|
New Reviews: Iain M. Banks's Feersum Endjinn, China Mieville's The Scar, Dan Simmons's Summer of Night June 28, 2003 (12:31 AM) ( link ) ADDED reviews of Iain M Banks's Feersum Endjinn, China Mieville's The Scar, and Dan Simmons's Summer of Night.
I'm not sure what the deal is now with my reviews: while they've never been high literature, I seem to have a harder time writing these things, and I think their quality has gone considerably down from even their former fairly amateurish nature. I guess I'm working too much out of a formula, going through a checklist in my mind of what I think should be said about a book, and I should start taking a looser approach to evaluating what I read. Oh well--it's not as if I make any money off of this project.
This weekend, come hell or high water, I'm finding a bookstore with Harry Potter 5 and then reading the book in the store, or borrowing it from a friend. I'm not buying the Harry Potter books now, not because I don't think they're worth it, but because I'm holding out for the inevitable deluxe/collector's editions of the entire series, which I will snap up in an instant to keep for forever (or until my as-yet-nonexistent children destroy them). At any rate, I figure I should have Harry Potter read soon...very soon.
Currently on the agenda: Excession is on hold while I read Greg Bear's Darwin's Radio, which won the Nebula Award, I believe. Greg Bear is one of the science-fiction greats that, like Poul Anderson, I have never felt any inclination to read: writers with so much output tend to have only a few real gems among them, and I'm past the age where I am willing to devour an author's entire body of work (as I nearly did with Asimov's science-fiction collection) without any care for the quality of what I read. Nevertheless, Darwin's Radio has come highly recommended enough that I'll risk reading one of Bear's books. In some ways it's quite plodding and workmanlike already, and about 70 pages in it hasn't yet caught my attention, but that will hopefully change.

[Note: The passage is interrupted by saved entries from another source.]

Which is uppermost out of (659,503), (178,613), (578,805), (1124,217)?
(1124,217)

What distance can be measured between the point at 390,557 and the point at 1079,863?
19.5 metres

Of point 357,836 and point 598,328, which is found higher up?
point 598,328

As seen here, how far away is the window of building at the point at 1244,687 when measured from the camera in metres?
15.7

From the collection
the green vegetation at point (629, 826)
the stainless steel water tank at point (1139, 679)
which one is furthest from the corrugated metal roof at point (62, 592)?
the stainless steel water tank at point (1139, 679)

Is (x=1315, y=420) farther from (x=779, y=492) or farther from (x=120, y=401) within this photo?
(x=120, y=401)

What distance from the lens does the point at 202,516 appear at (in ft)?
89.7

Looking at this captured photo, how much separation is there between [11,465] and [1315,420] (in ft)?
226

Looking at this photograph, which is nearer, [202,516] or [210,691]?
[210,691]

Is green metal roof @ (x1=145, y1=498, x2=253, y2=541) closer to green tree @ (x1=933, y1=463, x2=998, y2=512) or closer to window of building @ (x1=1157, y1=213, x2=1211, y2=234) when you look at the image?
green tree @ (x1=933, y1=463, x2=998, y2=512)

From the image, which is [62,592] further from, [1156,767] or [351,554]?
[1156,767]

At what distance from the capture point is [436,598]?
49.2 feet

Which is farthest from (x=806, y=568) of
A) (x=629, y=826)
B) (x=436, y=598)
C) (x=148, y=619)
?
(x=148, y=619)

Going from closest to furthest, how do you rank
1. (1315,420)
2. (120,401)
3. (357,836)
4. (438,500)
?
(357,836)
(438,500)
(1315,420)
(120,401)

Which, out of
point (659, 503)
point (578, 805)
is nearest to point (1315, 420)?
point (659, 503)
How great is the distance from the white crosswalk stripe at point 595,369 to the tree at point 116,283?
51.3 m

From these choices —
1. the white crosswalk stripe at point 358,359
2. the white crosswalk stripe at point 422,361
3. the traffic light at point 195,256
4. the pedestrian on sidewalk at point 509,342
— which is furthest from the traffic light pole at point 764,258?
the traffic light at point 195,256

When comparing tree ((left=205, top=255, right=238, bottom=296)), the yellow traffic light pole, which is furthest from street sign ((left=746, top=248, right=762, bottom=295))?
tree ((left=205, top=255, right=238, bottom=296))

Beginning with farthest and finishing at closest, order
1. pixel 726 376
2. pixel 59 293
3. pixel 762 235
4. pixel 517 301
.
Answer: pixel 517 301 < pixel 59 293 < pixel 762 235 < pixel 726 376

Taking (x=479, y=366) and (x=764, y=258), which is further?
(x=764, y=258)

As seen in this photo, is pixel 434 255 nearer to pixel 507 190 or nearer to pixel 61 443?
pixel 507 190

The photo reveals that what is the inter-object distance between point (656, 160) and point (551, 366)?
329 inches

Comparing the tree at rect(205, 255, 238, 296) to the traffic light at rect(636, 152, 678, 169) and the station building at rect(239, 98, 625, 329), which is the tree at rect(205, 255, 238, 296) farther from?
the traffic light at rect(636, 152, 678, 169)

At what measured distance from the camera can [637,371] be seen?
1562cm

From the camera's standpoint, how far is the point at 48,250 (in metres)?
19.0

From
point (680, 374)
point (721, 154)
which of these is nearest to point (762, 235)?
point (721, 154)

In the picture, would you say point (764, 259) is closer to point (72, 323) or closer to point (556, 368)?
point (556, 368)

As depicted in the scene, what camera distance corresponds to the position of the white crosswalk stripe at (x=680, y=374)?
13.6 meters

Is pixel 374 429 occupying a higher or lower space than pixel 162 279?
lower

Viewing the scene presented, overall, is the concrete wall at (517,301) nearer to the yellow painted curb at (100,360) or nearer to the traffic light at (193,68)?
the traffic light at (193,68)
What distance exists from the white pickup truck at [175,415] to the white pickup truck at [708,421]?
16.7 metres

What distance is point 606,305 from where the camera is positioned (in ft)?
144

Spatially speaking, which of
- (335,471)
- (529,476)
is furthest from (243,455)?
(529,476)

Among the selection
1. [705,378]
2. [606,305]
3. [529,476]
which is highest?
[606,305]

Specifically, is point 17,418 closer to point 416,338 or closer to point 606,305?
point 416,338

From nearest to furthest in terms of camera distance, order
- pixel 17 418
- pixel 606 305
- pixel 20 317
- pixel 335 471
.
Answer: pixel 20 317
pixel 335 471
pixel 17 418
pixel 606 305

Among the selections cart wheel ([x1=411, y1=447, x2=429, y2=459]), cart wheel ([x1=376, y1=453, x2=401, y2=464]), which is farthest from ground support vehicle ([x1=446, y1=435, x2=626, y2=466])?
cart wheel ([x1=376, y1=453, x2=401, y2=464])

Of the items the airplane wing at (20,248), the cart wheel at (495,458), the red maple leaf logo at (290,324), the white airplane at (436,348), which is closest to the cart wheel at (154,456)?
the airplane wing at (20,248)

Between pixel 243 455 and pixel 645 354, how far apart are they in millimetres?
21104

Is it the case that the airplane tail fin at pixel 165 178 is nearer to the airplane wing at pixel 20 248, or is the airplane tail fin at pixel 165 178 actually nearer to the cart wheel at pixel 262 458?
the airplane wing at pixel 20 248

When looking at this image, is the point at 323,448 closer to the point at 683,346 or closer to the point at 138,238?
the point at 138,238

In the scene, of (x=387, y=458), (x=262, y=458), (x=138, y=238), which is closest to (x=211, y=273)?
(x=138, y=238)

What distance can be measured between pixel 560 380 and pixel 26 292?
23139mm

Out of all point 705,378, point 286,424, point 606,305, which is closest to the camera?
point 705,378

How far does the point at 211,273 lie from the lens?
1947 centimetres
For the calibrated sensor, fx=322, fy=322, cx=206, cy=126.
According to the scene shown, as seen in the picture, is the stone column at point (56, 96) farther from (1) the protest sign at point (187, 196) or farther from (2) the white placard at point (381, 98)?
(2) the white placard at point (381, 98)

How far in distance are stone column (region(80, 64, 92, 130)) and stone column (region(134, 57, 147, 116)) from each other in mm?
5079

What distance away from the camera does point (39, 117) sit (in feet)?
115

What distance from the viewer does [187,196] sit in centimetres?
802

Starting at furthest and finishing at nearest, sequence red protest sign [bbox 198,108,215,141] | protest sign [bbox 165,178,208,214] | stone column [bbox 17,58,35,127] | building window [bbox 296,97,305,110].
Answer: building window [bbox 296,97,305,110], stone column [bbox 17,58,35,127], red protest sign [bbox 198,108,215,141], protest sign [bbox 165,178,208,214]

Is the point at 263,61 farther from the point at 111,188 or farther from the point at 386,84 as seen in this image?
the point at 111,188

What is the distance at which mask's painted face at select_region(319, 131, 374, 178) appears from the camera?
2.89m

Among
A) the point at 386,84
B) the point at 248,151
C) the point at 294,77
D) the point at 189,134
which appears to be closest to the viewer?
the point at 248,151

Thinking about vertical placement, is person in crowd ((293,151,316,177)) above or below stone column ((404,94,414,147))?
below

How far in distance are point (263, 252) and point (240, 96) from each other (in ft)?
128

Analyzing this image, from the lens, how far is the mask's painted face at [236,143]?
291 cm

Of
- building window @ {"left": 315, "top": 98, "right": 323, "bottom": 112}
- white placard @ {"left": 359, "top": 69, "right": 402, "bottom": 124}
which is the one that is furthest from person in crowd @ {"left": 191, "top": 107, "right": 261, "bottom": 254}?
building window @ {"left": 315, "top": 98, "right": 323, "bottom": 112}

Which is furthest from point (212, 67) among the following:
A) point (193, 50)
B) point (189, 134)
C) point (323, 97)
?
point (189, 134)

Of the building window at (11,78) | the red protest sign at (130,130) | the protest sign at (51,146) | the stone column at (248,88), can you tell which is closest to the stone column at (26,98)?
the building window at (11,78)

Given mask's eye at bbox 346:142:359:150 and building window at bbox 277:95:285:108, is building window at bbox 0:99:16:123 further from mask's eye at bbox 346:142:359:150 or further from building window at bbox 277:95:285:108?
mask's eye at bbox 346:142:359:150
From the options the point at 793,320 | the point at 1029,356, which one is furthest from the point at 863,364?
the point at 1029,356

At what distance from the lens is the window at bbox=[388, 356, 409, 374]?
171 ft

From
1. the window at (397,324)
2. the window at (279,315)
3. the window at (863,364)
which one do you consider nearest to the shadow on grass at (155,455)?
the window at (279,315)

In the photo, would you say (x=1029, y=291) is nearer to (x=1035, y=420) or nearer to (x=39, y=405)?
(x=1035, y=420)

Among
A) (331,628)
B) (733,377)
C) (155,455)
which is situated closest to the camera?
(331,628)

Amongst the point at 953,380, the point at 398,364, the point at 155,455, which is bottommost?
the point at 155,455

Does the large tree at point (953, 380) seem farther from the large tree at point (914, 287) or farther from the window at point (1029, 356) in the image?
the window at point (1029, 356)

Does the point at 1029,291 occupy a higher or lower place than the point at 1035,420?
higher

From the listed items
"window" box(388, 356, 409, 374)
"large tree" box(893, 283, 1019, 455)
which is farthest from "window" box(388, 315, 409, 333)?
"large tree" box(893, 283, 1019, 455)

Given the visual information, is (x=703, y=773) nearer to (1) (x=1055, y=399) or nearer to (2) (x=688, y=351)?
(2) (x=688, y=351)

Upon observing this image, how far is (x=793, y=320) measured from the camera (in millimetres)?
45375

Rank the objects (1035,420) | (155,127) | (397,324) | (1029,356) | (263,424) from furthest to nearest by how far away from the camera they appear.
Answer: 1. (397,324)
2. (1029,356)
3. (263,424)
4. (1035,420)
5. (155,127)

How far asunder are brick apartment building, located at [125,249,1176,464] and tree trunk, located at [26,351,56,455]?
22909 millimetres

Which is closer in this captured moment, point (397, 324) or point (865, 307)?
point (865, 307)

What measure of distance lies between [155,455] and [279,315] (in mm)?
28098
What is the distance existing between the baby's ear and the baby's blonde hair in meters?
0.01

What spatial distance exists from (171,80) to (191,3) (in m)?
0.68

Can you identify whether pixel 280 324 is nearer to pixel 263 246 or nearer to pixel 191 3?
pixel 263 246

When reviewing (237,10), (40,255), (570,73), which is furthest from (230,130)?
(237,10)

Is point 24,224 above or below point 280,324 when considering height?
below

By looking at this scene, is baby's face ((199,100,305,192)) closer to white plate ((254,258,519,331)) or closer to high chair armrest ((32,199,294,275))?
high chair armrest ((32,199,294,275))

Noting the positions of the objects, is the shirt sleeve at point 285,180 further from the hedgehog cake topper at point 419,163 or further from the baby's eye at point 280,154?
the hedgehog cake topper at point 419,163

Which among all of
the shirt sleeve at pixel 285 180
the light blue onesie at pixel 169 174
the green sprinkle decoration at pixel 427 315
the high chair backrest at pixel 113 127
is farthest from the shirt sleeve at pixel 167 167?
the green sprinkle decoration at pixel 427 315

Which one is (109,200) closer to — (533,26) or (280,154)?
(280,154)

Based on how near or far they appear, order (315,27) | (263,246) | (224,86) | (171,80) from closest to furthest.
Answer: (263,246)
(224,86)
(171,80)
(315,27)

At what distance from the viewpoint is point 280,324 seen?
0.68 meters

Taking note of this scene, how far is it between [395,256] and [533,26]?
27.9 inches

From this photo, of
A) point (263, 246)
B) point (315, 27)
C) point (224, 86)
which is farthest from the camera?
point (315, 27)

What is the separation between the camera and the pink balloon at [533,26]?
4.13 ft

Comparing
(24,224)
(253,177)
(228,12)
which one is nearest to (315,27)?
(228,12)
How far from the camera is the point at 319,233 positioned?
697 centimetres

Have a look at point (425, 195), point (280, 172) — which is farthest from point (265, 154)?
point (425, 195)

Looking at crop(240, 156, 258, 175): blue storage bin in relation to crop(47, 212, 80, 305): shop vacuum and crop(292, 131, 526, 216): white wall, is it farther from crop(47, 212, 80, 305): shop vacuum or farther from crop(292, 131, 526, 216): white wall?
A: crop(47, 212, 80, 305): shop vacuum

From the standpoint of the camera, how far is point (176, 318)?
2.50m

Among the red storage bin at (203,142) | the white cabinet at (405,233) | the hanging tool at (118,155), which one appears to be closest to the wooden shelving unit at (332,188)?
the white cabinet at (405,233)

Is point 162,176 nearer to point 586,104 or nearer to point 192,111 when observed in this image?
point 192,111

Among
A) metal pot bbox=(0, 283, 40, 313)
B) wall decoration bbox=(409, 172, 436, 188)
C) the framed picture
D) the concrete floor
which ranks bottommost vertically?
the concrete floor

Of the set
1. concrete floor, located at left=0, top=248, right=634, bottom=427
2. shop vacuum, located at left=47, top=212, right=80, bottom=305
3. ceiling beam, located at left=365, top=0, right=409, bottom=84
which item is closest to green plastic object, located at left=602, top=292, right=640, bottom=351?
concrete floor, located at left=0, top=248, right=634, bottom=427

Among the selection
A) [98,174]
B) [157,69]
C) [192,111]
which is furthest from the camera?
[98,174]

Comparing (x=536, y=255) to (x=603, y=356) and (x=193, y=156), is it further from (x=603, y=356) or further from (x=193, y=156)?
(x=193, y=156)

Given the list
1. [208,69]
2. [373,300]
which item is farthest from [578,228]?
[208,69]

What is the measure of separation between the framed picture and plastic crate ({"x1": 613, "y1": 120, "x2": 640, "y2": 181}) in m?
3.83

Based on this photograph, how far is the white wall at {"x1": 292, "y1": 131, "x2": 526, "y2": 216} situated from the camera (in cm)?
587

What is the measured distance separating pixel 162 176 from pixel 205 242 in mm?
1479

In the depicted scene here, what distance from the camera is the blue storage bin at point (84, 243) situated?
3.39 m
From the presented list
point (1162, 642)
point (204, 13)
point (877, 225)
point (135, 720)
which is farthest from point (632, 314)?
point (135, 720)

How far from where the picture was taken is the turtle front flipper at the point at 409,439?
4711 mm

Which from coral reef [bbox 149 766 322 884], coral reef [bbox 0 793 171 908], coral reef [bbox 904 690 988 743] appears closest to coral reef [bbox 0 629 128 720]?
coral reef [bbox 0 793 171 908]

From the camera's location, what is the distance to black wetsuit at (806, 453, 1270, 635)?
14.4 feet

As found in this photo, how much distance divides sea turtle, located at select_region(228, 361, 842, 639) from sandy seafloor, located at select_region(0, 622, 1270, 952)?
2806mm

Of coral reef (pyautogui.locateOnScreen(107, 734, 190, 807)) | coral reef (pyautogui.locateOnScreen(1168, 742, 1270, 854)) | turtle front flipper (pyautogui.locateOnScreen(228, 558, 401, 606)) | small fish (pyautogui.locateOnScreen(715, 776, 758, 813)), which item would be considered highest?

New Reviews: Several of them June 19, 2003 (10:18 PM) ( link ) ADDED reviews of Robert Cormier's I Am the Cheese, Norman Mailer's The Executioner's Song, Dan Rhodes Anthropology, Michael Marshall Smith's Spares, and Sheri Tepper's Grass. (Note, several of the reviews are missing the final paragraph: I'll fix things up with my scripts by tomorrow at the latest.)
Sorry for the long absence: I've been reading, intermittently, but the huge backlog of books I haven't yet reviewed has been scaring me away from this website for a while.
Nevertheless, here's a mix of old and new reviews: Cormier's and Tepper's books are from way back, while Mailer's and Smith's books are from much more recently.
Last week I discovered the D.C. Public Library. It's a great place: very large, with an impressive graphic novel collection (though it skimps on the tights-and-flights genre); its only problem is that many of the fiction sections are terribly organized, with the Si's before the Sa's and the Ta's after the Tu's. Also, when I went there, the air conditioning was down; not pleasant in a muggy D.C. afternoon.
That being said, there are plenty of good books on the horizon. I've actually already finished China Mieville's The Scar, his sequel to the excellent Perdido Street Station; that review should be popping up here over the weekend. I have sitting before me Michael Marshall Smith's second book, One of Us, as well as Greg Bear's Nebula-winning Darwin's Radio and Dan Simmons's Summer of Night, which is pretty creepy but also sort of cliched. Finally, I'm starting on Iain M. Banks's next Culture novel, Excession, which has a pretty cool initial concept. Before I sign off, here's a taste: Two and a half millennia ago, the artifact appeared in a remote corner of space, beside a trillion- year old dying sun from a different universe. It was a perfect black body sphere and it did nothing. Then it disappeared. Now it is back. Sounds like fun.
There'll be more later, I promise: after all, the summer is (and always has been) all about reading!